Ребята очень благодарят омоновцев: если бы не они, толпа бы наверное их линчевала. Саша даже ездил к омоновцам в часть — от имени всех лично сказать «спасибо». «Дружба у нас только крепче стала, - говорит Гагик, посверкивая заплывшими от синяков глазами, - Хотя она и до этого была очень крепкая. Мы обменялись там кровью, успели, да, Саш? Теперь как кровные братья стали, близкие очень».
Мама Гагика Карина уже на выходе говорит нам:
- Помните, как в «Мимино» лезгинку танцевали: сначала грузин, потом наш Фрунзик, за ним — русская женщина, а за ними весь ресторан. Почему сейчас говорят, что танцевать лезгинку — это плохо?

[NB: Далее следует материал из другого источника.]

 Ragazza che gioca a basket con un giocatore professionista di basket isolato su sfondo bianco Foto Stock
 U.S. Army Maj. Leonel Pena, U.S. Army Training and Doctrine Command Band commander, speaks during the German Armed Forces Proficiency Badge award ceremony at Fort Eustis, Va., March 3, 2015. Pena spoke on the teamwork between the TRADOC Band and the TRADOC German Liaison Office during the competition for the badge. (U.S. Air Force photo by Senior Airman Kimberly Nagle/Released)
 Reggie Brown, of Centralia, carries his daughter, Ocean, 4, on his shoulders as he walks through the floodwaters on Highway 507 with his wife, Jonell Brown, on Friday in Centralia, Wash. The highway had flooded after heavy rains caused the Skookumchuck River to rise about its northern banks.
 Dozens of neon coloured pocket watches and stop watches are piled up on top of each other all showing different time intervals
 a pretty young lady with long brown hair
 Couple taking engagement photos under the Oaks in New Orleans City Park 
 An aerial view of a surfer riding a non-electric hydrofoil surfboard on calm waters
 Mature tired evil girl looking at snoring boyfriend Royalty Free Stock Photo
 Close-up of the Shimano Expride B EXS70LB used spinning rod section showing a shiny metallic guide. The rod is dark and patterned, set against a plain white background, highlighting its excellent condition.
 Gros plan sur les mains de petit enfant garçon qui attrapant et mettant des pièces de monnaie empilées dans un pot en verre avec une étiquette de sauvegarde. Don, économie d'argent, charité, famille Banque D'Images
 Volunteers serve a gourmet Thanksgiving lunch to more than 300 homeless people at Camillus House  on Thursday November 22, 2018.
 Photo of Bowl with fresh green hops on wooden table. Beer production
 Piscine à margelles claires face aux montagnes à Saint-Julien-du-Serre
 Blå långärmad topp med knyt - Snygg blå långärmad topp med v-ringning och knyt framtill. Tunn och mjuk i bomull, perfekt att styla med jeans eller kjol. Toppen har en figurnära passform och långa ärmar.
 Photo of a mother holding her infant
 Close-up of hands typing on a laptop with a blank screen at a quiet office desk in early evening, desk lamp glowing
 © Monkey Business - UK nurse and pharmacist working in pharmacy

Я тоже все это время почему-то вспоминал «Мимино». Жаль, что сейчас нет нового Данелии — хороший фильм мог бы получиться. О проверенной в бою дружбе двух русских, двух армян, азербайджанца и грузина. В отравленном ненавистью информационном пространстве такая дружба выглядит чуть ли не героизмом, хотя ничего героического в ней вообще-то нет. Это — норма. За то время, что мы провели у Гагика, возле его кровати постоянно сменяли друг друга стайки друзей, одноклассников, соседей. В основном, титульной национальности. И я уверен, что вот эти люди и есть русский народ. Саша и Леша, не бросившие своих «нерусских» друзей. Шумная компания девчонок — подружек Гагика — завалившаяся в новогодних колпаках, чтобы развеселить избитого друга. Самбисты — товарищи Гагика по спорту — два славянских богатыря, сказавшие за весь вечер одну фразу: «Жаль, что нас с вами там не было». Родители одноклассников Гагика, обрывавшие телефон с предложениями о помощи. ОМОНовцы, честно выполнившие свой долг. Это и есть народ. А на Манежке в тот вечер собралось ущербное меньшинство, готовое обвинить в своих неудачах кого угодно, только не собственную лень и тупость. Они храбро шли стеной на шестерых несовершеннолетних подростков с зигой и «ягой» наперевес. Я почему-то особенно запомнил, как неистовствовал немолодой дядечка в сером пальто. Он изо всех сил пытался ткнуть школьникам в лицо своей правой рукой, зажав в левой целлофановый пакет из «Пятерочки». С пельменями и кефиром он, видимо, даже ради ультраправого дела расстаться был не готов. Вот кто настоящий позор нации. И называть «русским бунтом» это сборище злобных неудачников могут только законченные русофобы. В конце концов, мы действительно победили фашизм. И если надо победим еще раз. Я так думаю!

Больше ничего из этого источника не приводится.